▶ _What the task asks_:
Give again, word for word, the lines below that run from the line with "Hi, in front" through the line with "Hi friends, we". Drop the pictures.

··· Supplied records ···

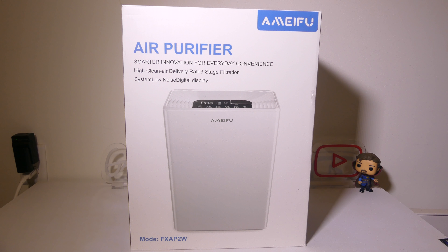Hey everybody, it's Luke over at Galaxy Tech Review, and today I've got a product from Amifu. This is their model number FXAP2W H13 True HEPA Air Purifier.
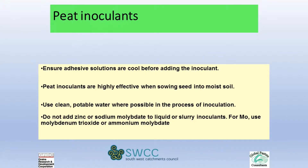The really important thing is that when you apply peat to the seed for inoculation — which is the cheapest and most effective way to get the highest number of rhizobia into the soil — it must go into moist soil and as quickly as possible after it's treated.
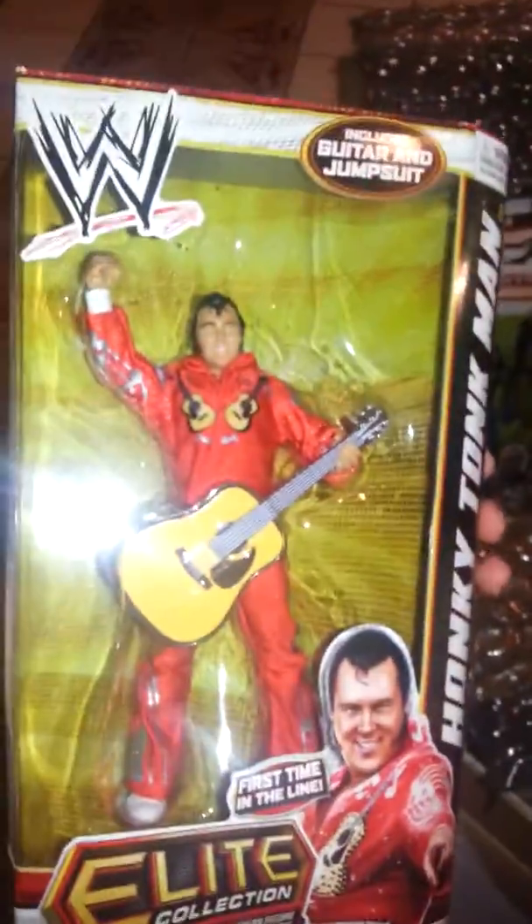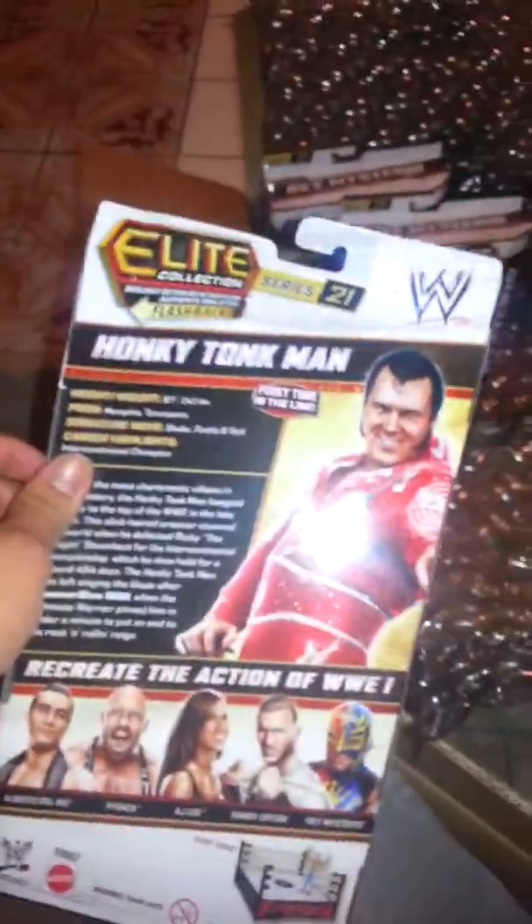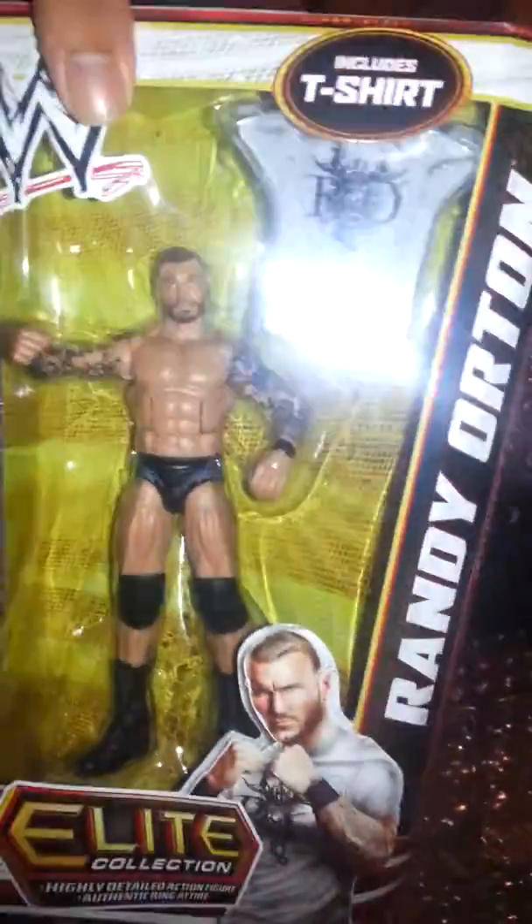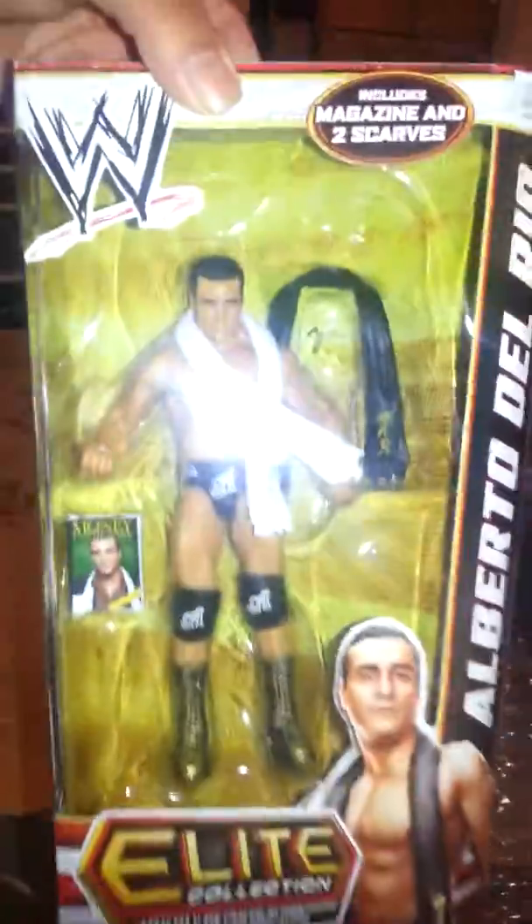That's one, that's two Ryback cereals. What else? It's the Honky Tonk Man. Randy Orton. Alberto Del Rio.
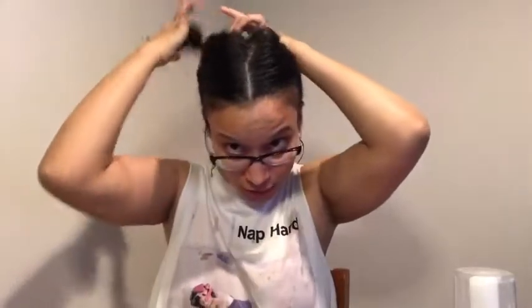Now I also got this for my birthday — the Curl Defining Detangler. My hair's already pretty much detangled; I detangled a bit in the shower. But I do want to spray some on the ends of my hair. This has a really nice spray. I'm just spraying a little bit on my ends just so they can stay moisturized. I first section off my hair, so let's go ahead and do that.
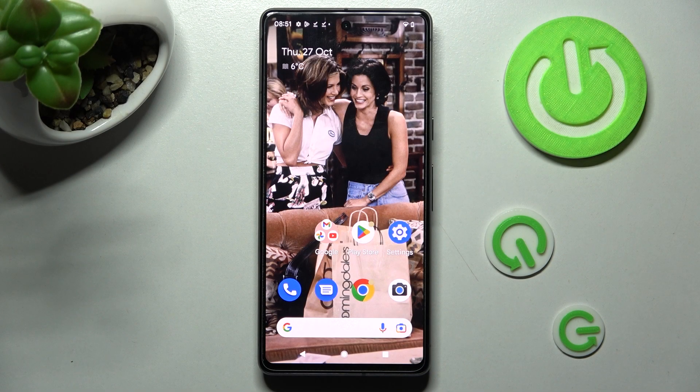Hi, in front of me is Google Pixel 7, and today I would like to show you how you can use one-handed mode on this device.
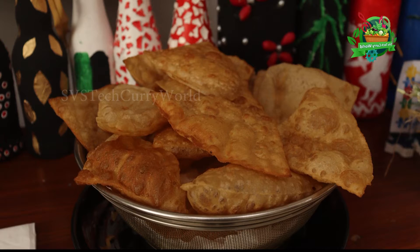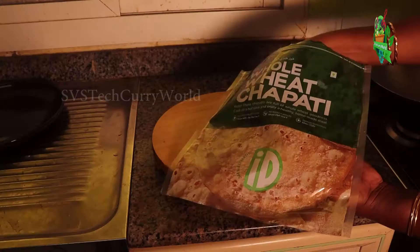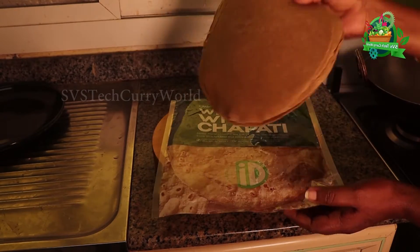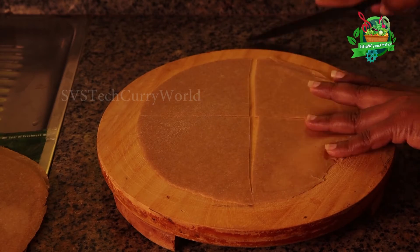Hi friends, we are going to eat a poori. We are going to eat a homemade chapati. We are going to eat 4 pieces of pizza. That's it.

···
··· Supplied records ···

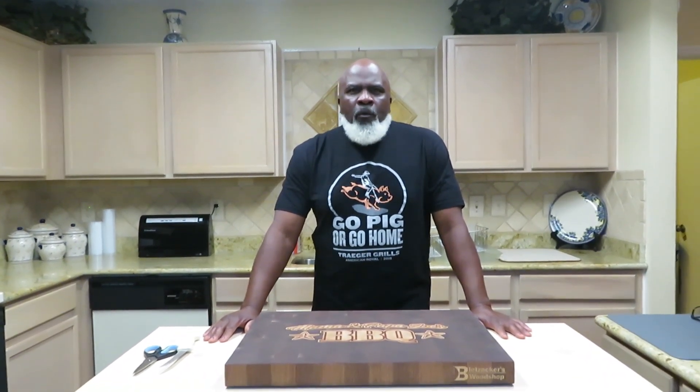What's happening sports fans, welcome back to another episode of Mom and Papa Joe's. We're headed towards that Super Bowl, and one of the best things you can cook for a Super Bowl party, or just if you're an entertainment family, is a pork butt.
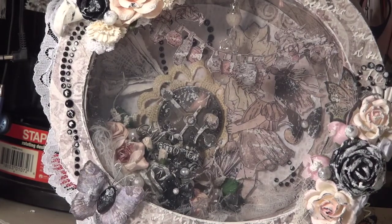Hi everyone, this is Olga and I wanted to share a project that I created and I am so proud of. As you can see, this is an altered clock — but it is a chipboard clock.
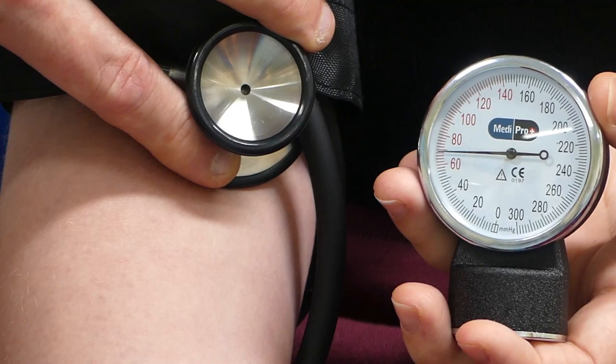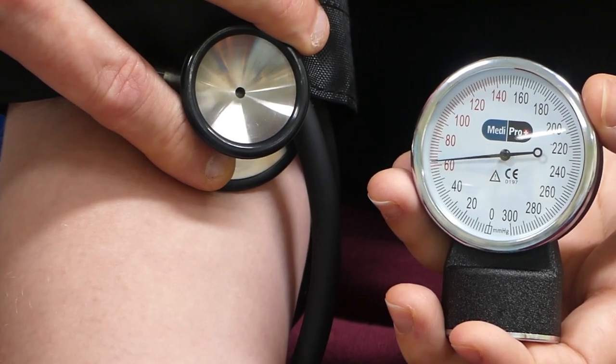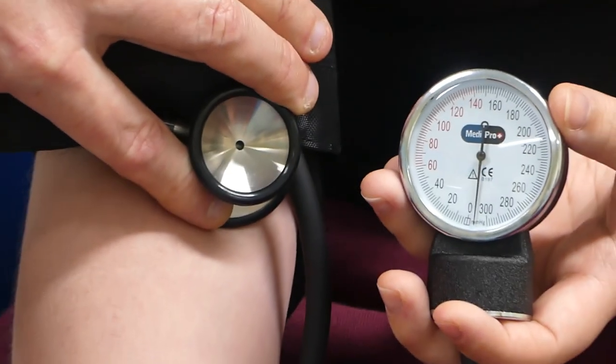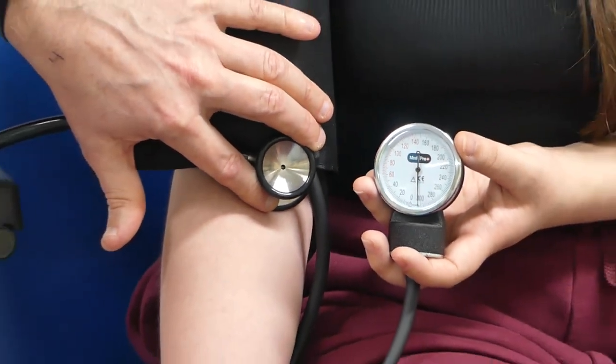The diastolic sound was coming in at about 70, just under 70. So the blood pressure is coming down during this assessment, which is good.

···
··· Supplied records ···

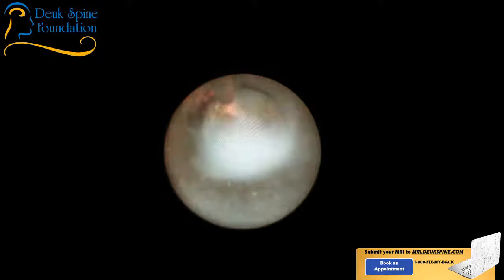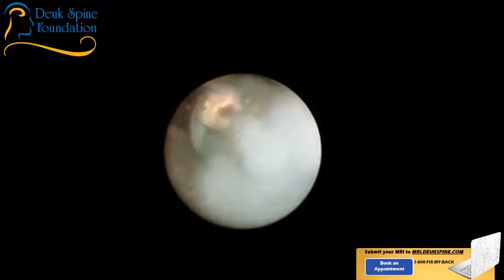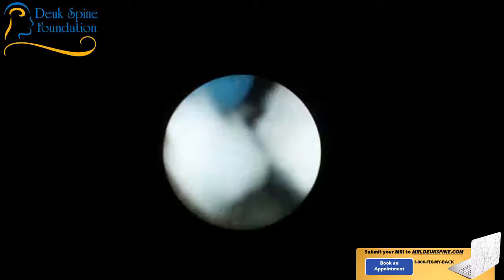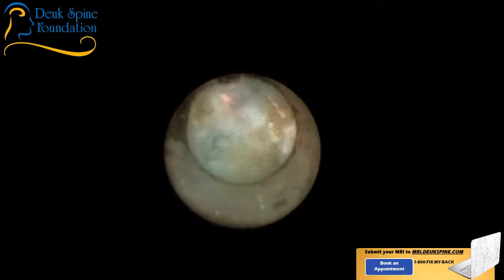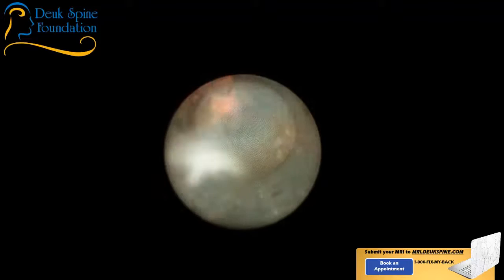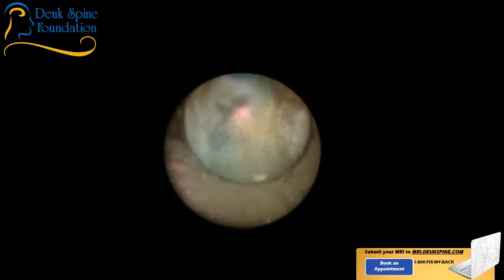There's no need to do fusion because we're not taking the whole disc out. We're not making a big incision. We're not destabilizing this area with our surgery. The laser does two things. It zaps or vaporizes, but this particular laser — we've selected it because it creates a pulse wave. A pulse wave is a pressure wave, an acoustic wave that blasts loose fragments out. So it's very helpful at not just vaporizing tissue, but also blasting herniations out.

···

▶ _Result of the exercise_:
Hi, in front of me is Google Pixel 7, and today I would like to show you how you can use one-handed mode on this device.
Hi friends, we are going to eat a poori. We are going to eat a homemade chapati. We are going to eat 4 pieces of pizza. That's it.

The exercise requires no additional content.